We’ve been hosting PagerDuty on AWS for about the last year. One of the biggest draws to the platform for us was the promise of ready-built components — on AWS there’s no need to run your own redundant DB setup or load balancer, since Amazon provides them: pre-built and professionally managed.
Well, that’s the theory, anyway. Unfortunately, every time I’ve evaluated any AWS service beyond their simple EC2 hosting, AWS has come up short. Perhaps most frustrating, their services cover 95% of what we need. But without fail, they are lacking some small but critical piece of functionality.
Consider AWS’s elastic load balancer (ELB), for example. It provides an easy way to distribute traffic fairly over all of your front-end instances. It can automatically stop routing requests to failed instances, completely hiding network and instance failures from the user. The ELB can even automatically spin up new instances in response to traffic spikes. All of this would take some serious engineering effort to replicate on your own.
Unfortunately, it’s totally unusable in many real-world deployments. The problem is that Amazon doesn’t assign static IPs to their load balancers. Instead, you get a hostname and are told to setup CNAME records aliasing www.yourdomain.com to the ELB’s name. This has three serious problems.
First, you can’t use a CNAME for the root of a domain. This is because a CNAME record can’t coexist with a SOA record at the same point in the DNS hierarchy. As a result, if your site is hosted at yourdomain.com, you’ll need to move it to www.yourdomain.com. Of course, even with redirects in place at the original domain, this sort of branding change is going to be unacceptable to many businesses.
Second, you can’t properly accept email to a domain hosted by an ELB. This too is due to a DNS limitation — you can’t have a MX and CNAME record at the same point in the DNS hierarchy. While you might be able to accept mail if you run a SMTP server on the machines behind the ELB, this is far from a typical configuration. At PagerDuty, this is a showstopper, since we need to be able to both host a site and accept mail at yoursubdomain.pagerduty.com.
Finally, you have no “out” if the ELB blows up, short of adjusting your DNS records and waiting for cached records to expire.
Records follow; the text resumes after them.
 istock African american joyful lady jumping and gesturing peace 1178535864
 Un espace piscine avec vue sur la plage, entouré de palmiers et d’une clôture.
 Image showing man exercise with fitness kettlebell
This is a big problem for us, since we’re very hesitant to introduce components into PagerDuty’s infrastructure that we can’t quickly swap out in the event of a problem.
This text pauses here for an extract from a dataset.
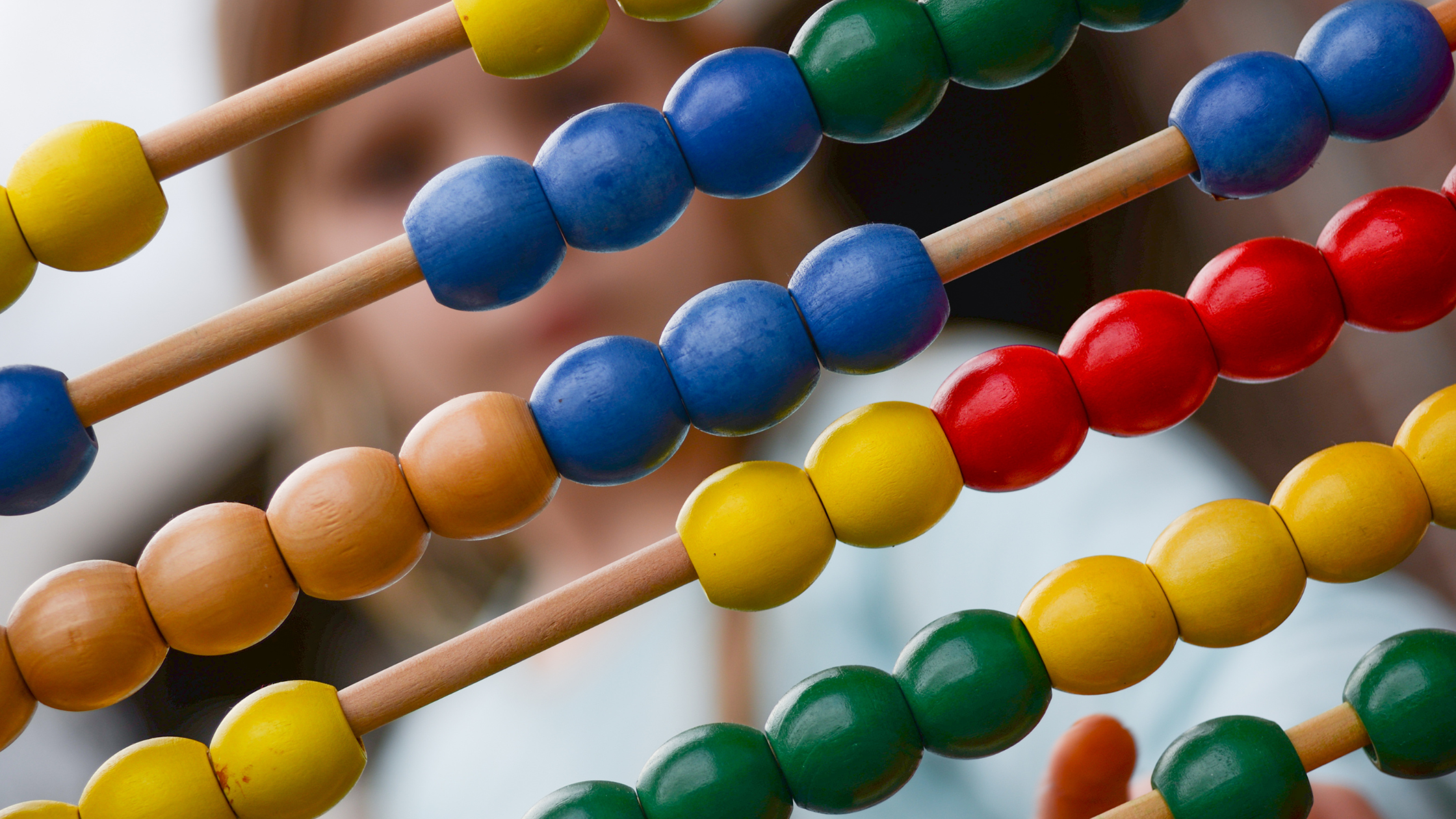 Ábaco de madera con cuentas de colores utilizado para la enseñanza de matemáticas a niños.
The solution to this problem is simple — it should be possible to map an Amazon Elastic IP to an ELB. Since the ELB would now have a static IP, the DNS issues would be solved. And if the ELB blew up, you could simply provision another and remap the IP — no DNS changes required. I realize that ELB’s “no static IP” architecture is probably a deeply baked in design decision — but unfortunately, a LB without a static IP isn’t really usable.